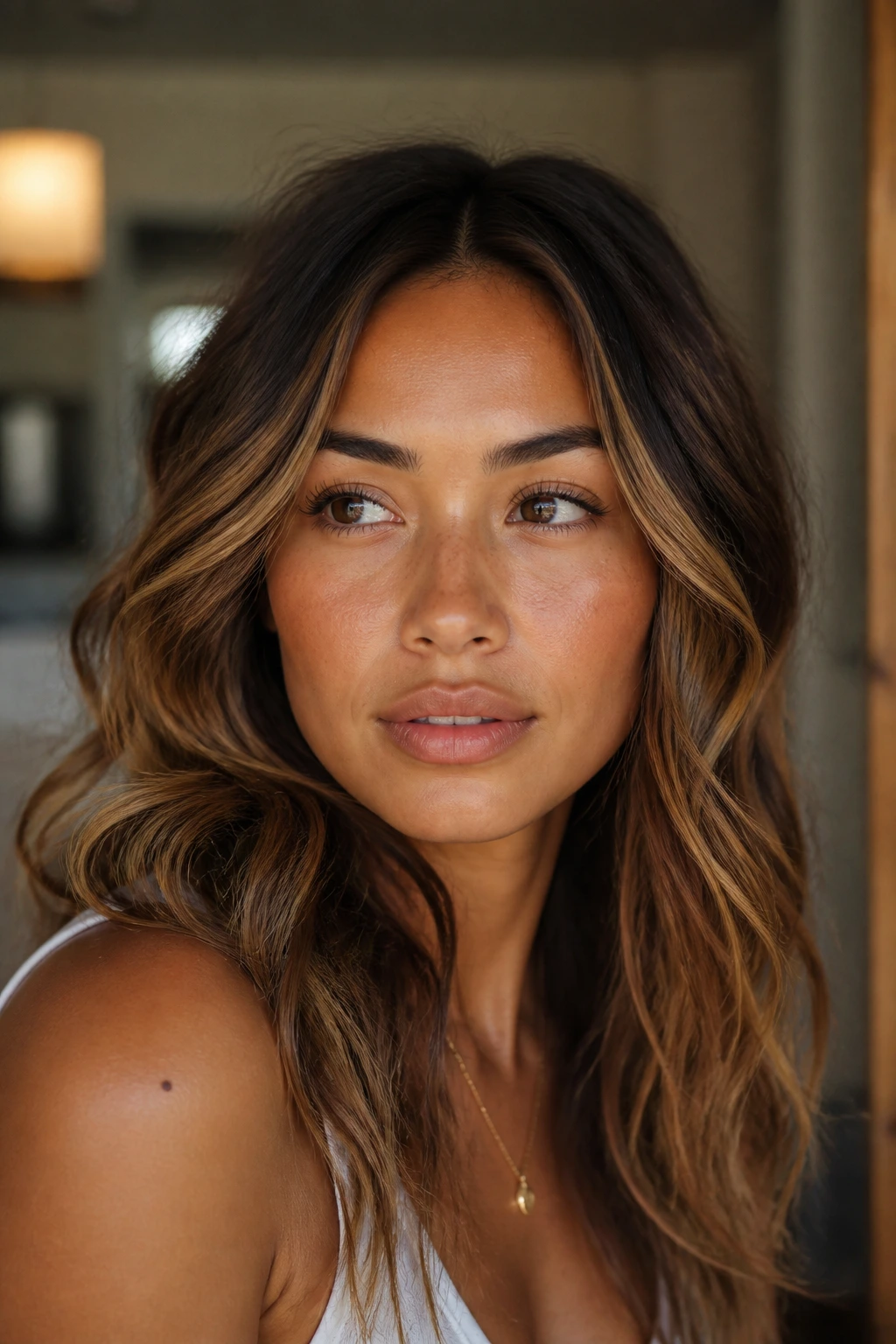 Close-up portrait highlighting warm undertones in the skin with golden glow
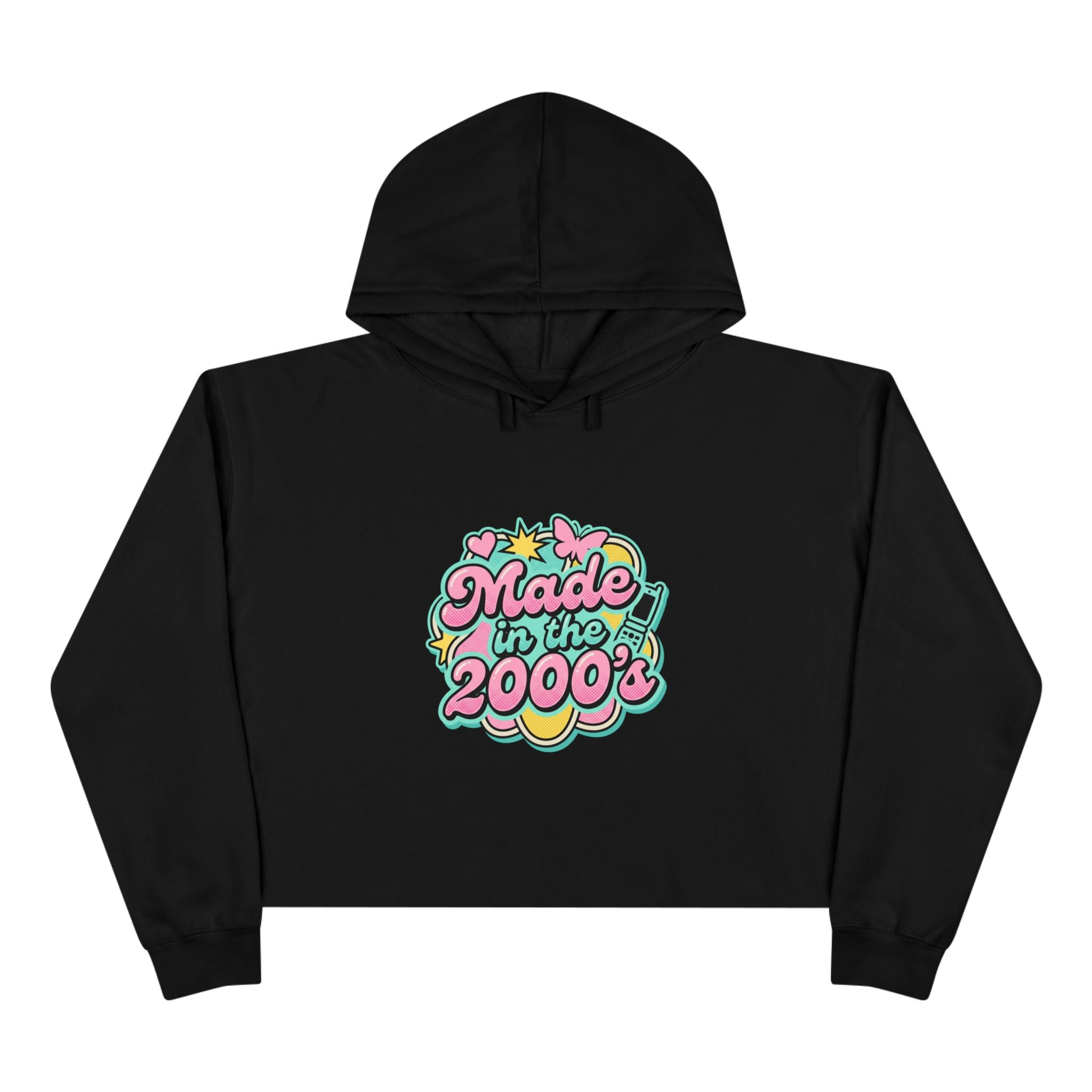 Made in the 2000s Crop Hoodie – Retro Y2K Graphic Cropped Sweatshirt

....

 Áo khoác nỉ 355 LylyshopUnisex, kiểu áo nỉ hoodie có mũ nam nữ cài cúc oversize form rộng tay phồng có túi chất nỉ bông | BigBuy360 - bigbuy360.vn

....

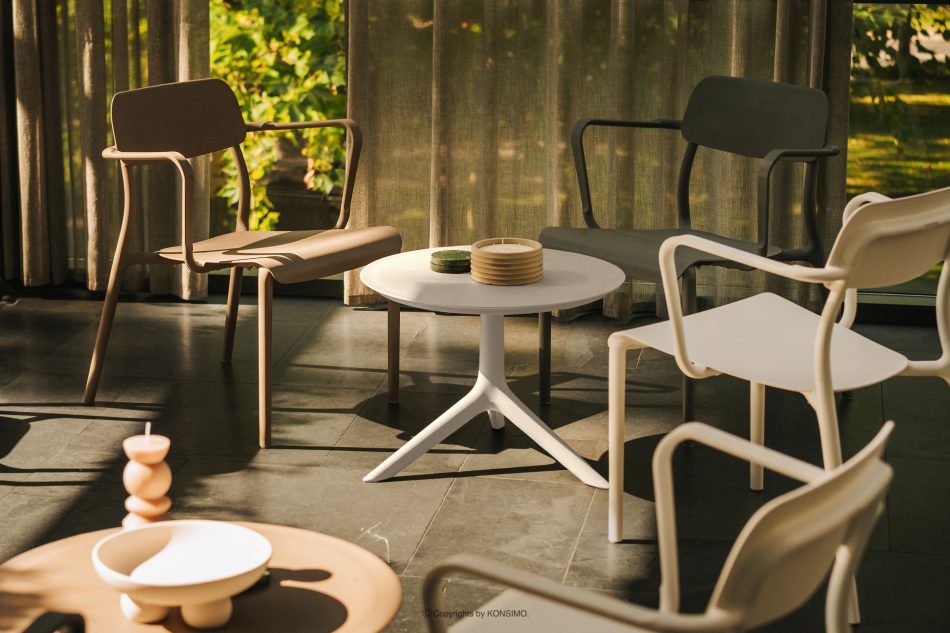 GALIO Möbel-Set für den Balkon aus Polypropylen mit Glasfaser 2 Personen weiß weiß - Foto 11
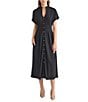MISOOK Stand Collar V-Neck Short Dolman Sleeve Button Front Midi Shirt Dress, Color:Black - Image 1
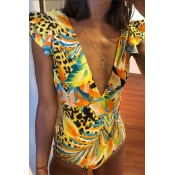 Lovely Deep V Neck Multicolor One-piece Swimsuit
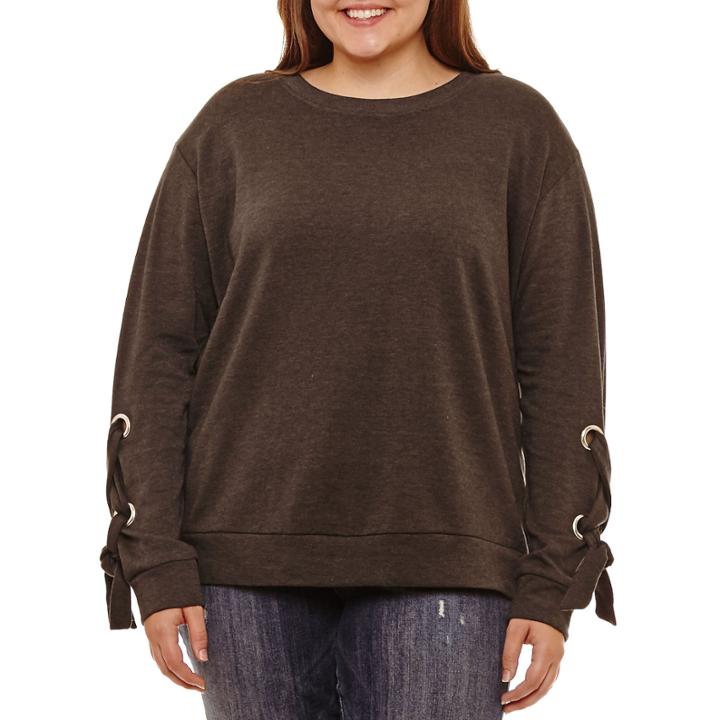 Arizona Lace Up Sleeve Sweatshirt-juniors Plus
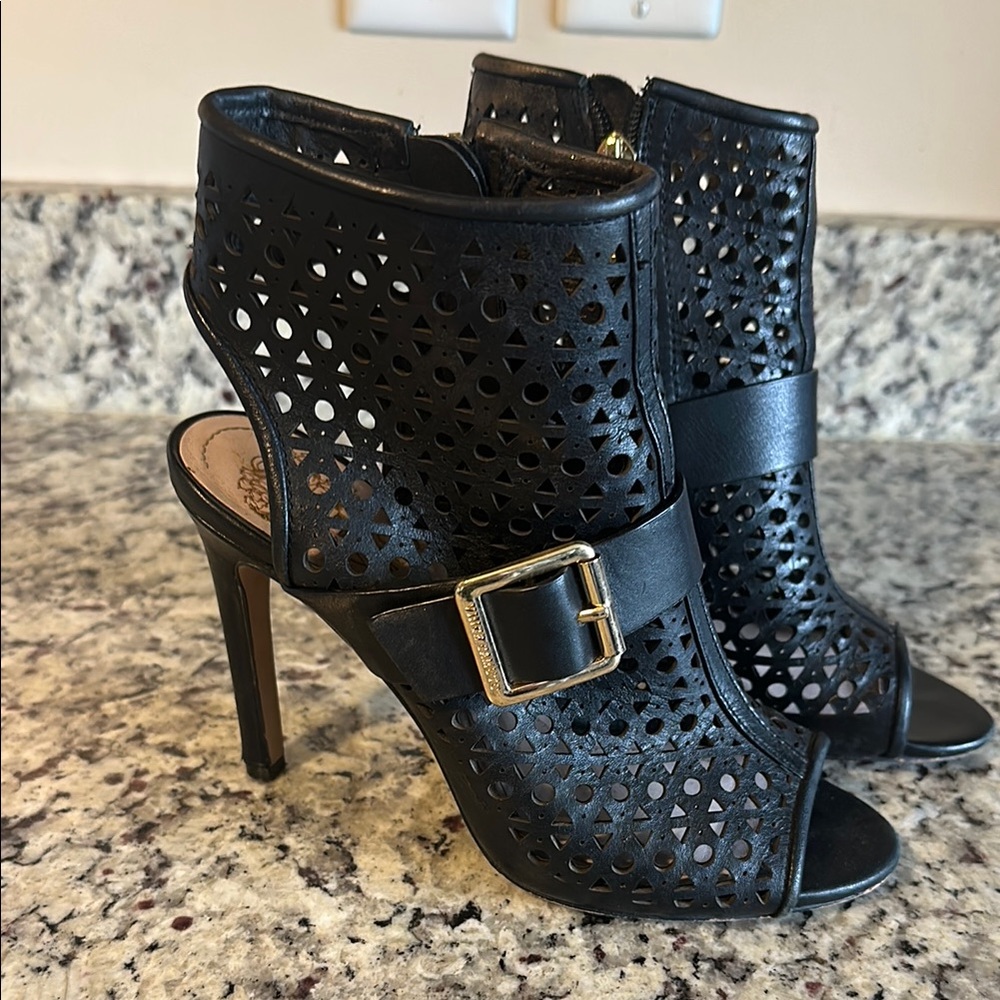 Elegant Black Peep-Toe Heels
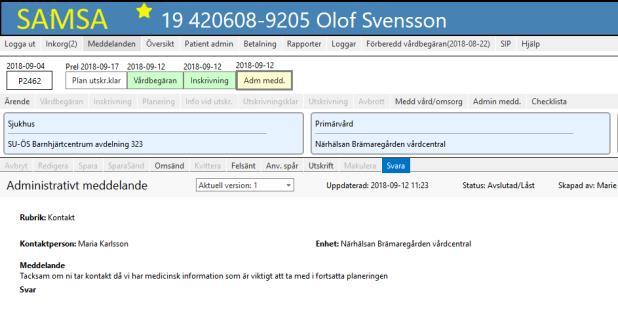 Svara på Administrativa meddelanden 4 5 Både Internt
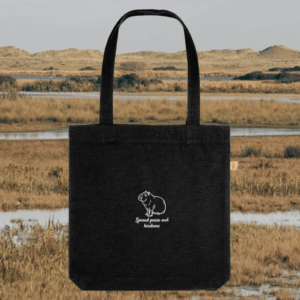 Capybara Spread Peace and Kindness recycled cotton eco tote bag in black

....

Pictures excluded, transcribe the listing above exactly from the line with "Close-up portrait highlighting" through the line with "Made in the", and no further.

## RESPONSE:
 Close-up portrait highlighting warm undertones in the skin with golden glow
 Made in the 2000s Crop Hoodie – Retro Y2K Graphic Cropped Sweatshirt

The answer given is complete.